FTP: Elevated error rates in USA region only

Incident Report for Files.com

Postmortem

On November 13 from 7:25am to 8:10am PST we experienced an issue with our FTP services that resulted in elevated error rates and inability to connect entirely to FTP for some, but not all, customers. This issue did not affect any other network services at Files.com, such as SFTP, WebDAV, AS2, API, etc. It was specific to FTP in our USA region.

According to our logs, this issue affected approximately half of all traffic connecting to FTP in our USA region during the impacted time window. All other regions were unaffected.

This incident related to a deployment of a critical software update to our production proxy servers in the USA region. We have 20 worldwide proxy servers, and they are the toughest devices in our fleet to update. These servers often need to be updated in place because they route traffic for all of our network services. Of those 20, 8 are located in our USA region.

In this incident, 4 of the 8 proxy servers failed to restart the FTP proxy service after the critical software update. Because we experienced more than one proxy server failure at once, the incident caused total failure of FTP to some customers.

The impact of this incident was mainly caused by a failure in our deployment process to detect the failure after the first proxy server failed, leading to a larger failure.

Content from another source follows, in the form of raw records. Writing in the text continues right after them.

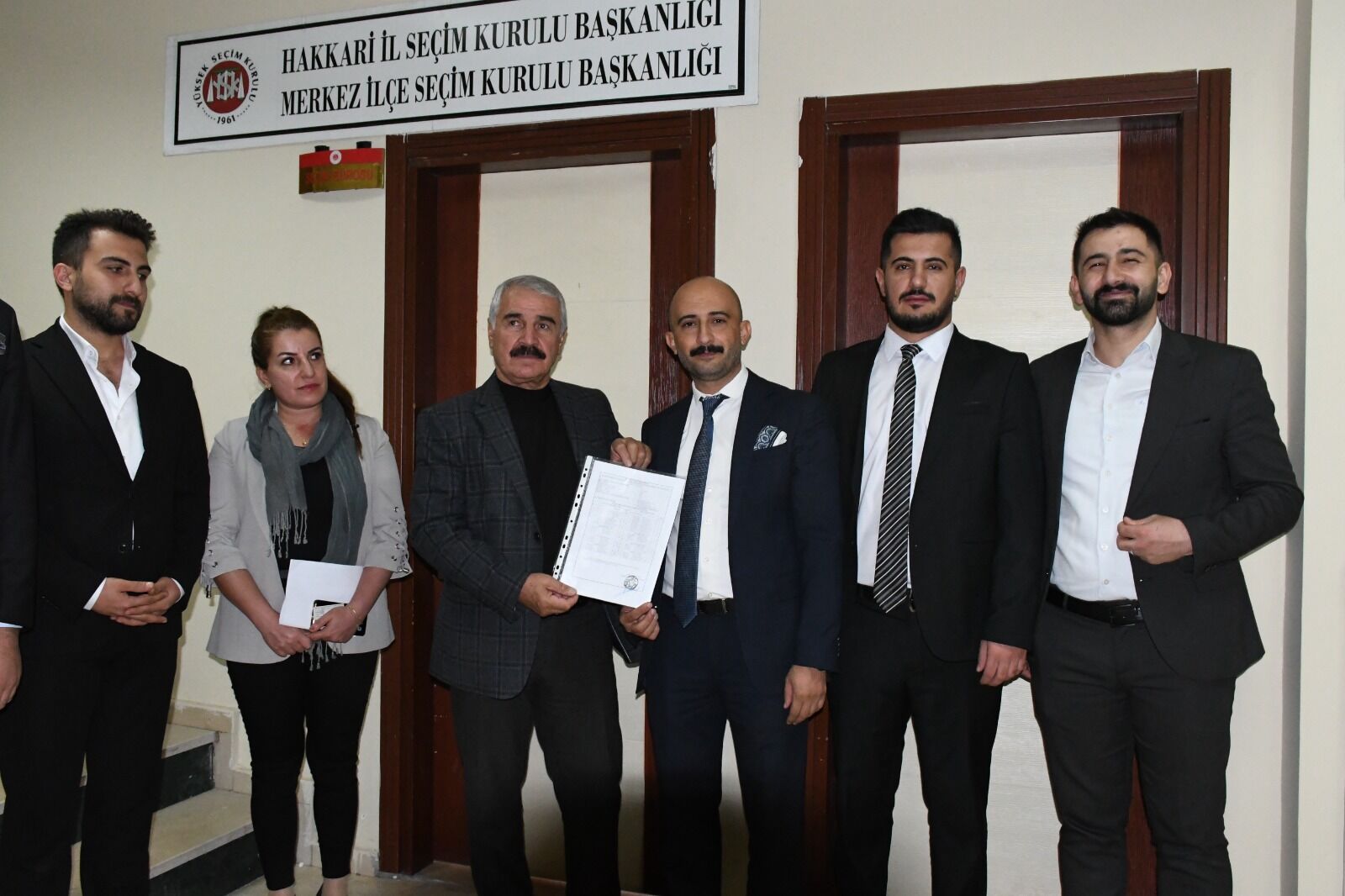 Hakkari Baro Başkanı Gülabi Seven mazbatasını aldı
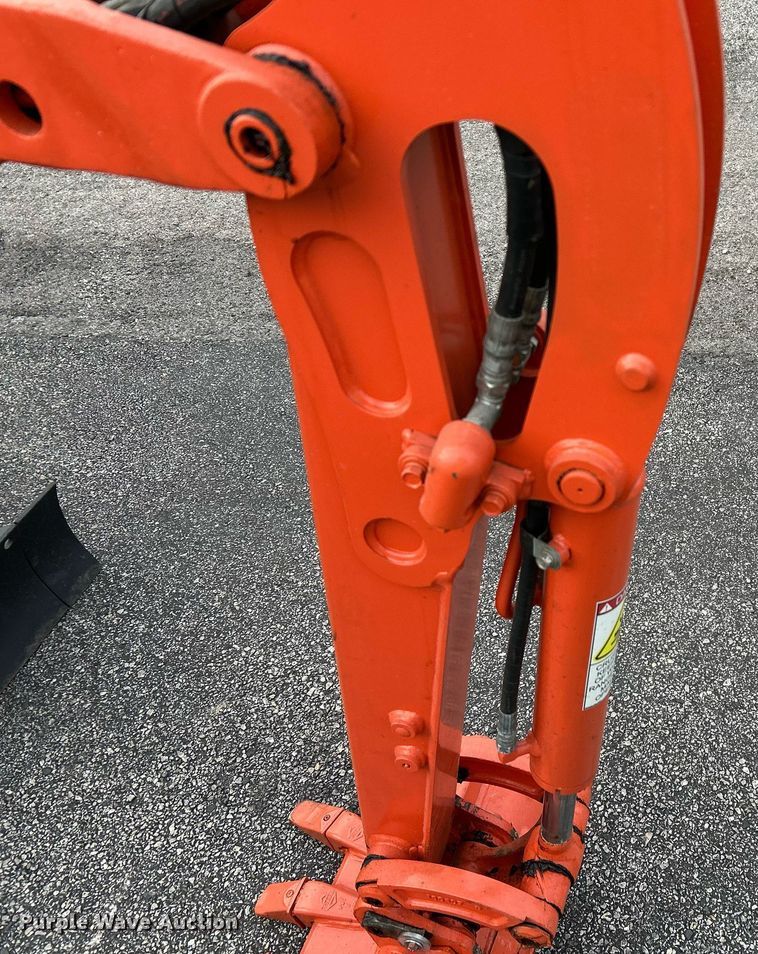image for item EL6517 2017 Kubota U17 mini excavator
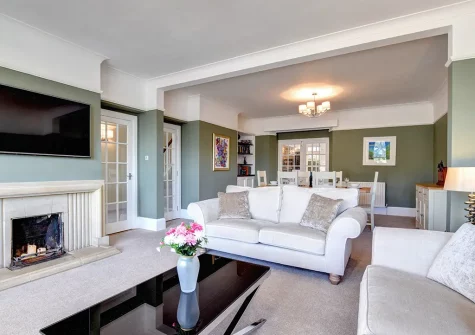 The living area at Ivydene, Looe
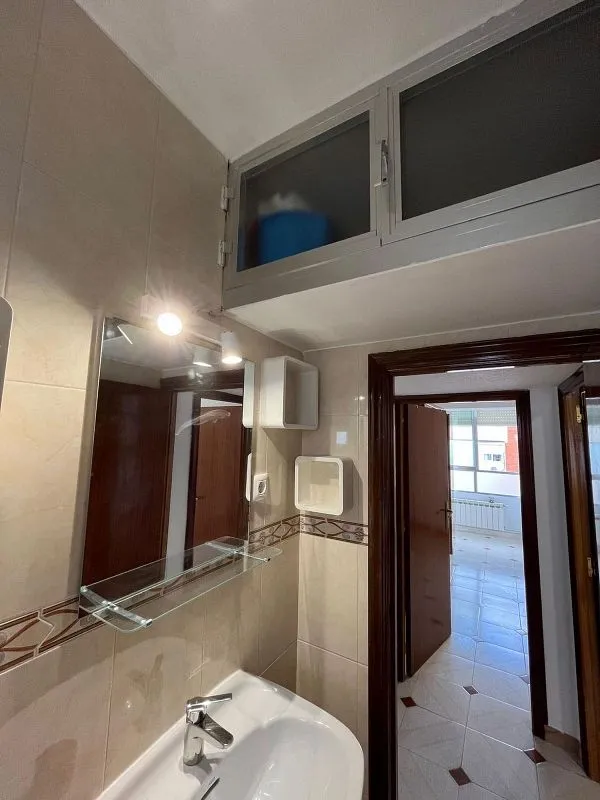Salles de bain - 2-Bedroom Flat with Lift in Peñagrande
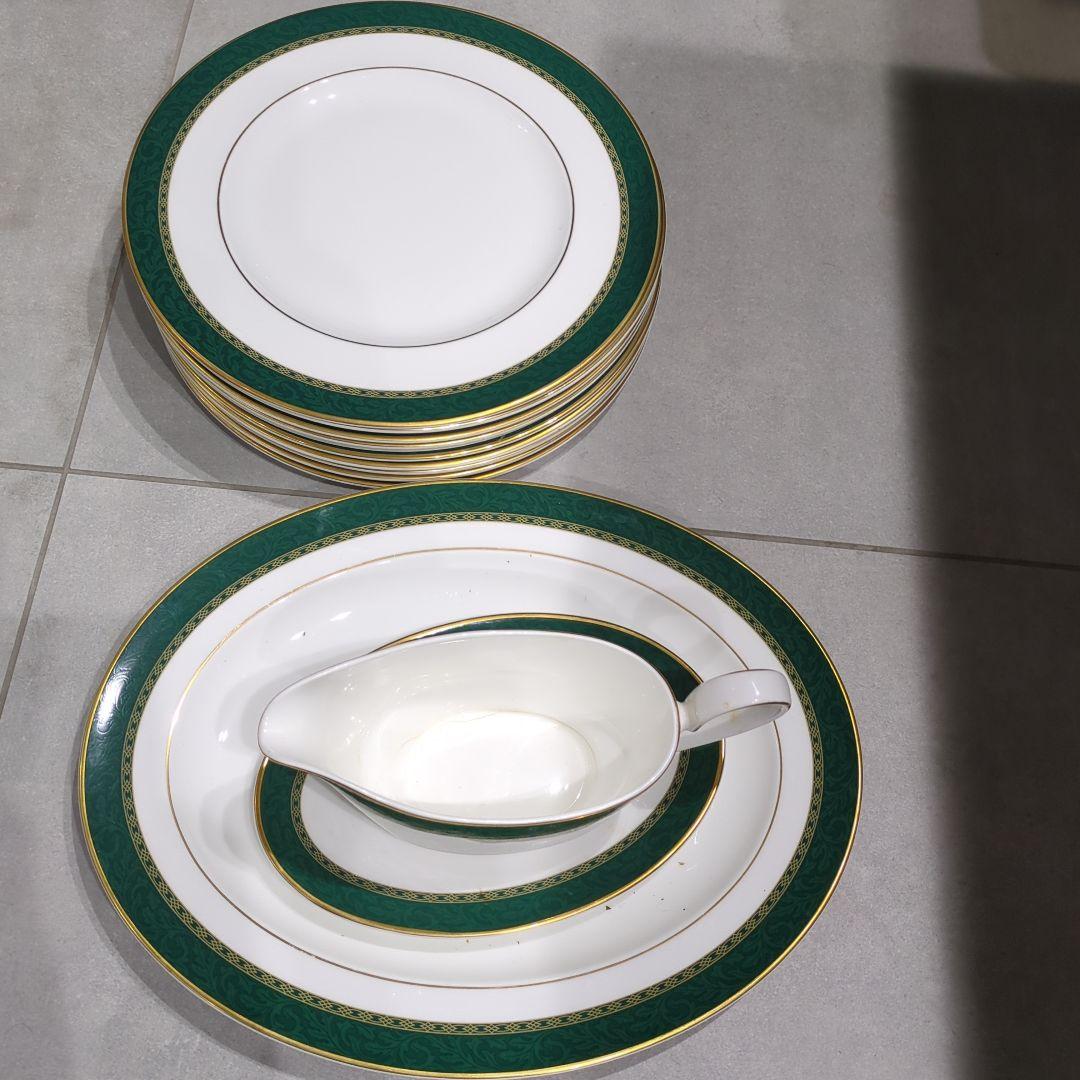 英国製　ディナーセット大皿10枚、グレービーボート　オーバルプラッター1枚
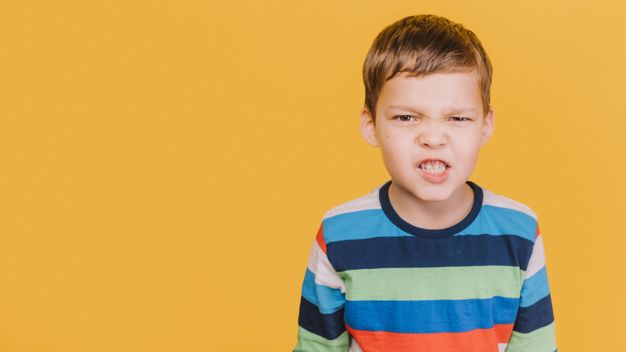 Sebagai orangtua menghadapi emosi anak yang berubah-ubah pastinya cukup menantang ya Kawan Puan? Tenang saja, PARAPUAN punya lima cara buatmu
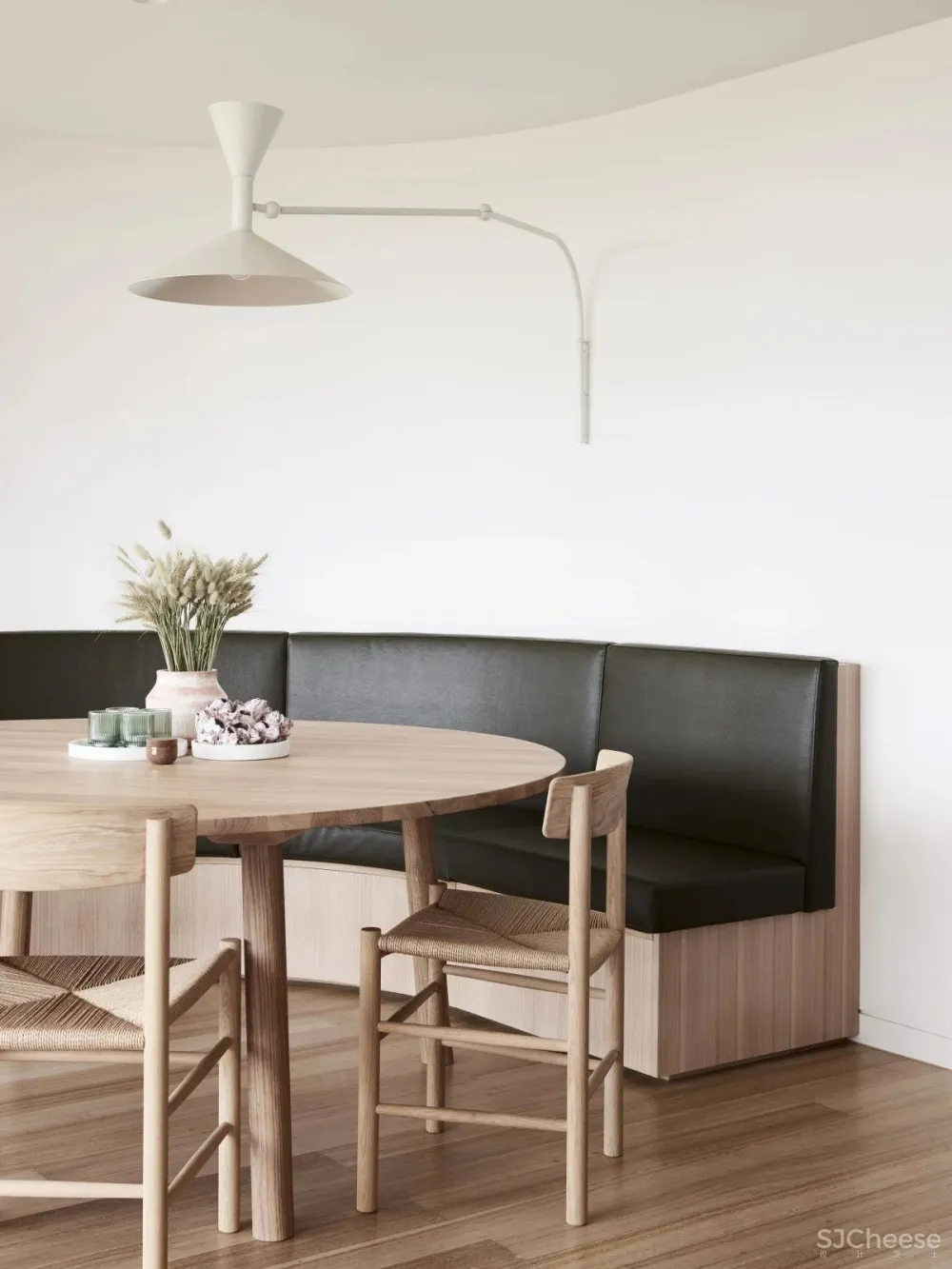 两居室简约住宅，原木家具加上藤编元素太好看了！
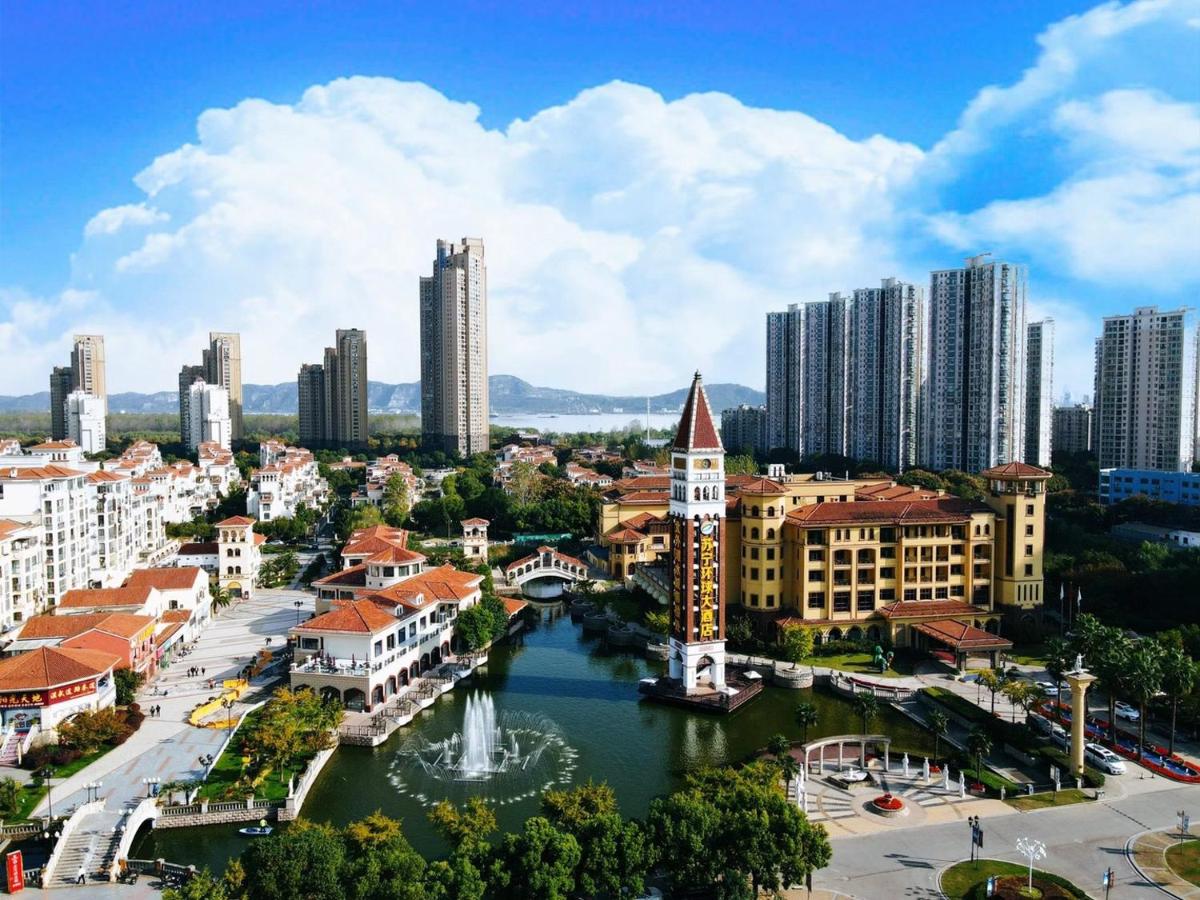 Suning Universal Hotel - Housity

We have revised our deployment process to reduce the chance of this sort of cascade in the future.

We greatly appreciate your patience and understanding as we resolved this issue. If you need additional assistance or continue to experience issues, please contact our Customer Support team.

Posted Nov 25, 2024 - 10:17 PST

Resolved

We have resolved elevated error rates on the FTP service on Files.com in our primary USA region. This incident did not impact other network services such as API, SFTP, WebDAV, AS2, and others.

This incident occurred between the times of 7:25am PST and 8:12am PST.

If you previously moved any workloads to another region in response to this incident, you are cleared to move those regional workloads back to the USA region.

We are compiling a Root Cause Analysis for this incident, which we will post here.
Posted Nov 13, 2024 - 08:32 PST

Investigating

FTP only: We are investigating elevated error rates on the FTP service on Files.com in our primary USA region.

This incident does not impact other network services such as API, SFTP, WebDAV, AS2, and others.

This incident does not impact FTP in any other regions.

If you are affected by this incident and have an urgent need to access Files.com, we recommend using SFTP in lieu of FTP. If you must connect via FTP, you should be able to immediately connect (and access your existing files and account) using the hostname of our Canada region, which is app-ca-central-1.files.com.
Posted Nov 13, 2024 - 07:54 PST
This incident affected: FTP/FTPS and USA Region.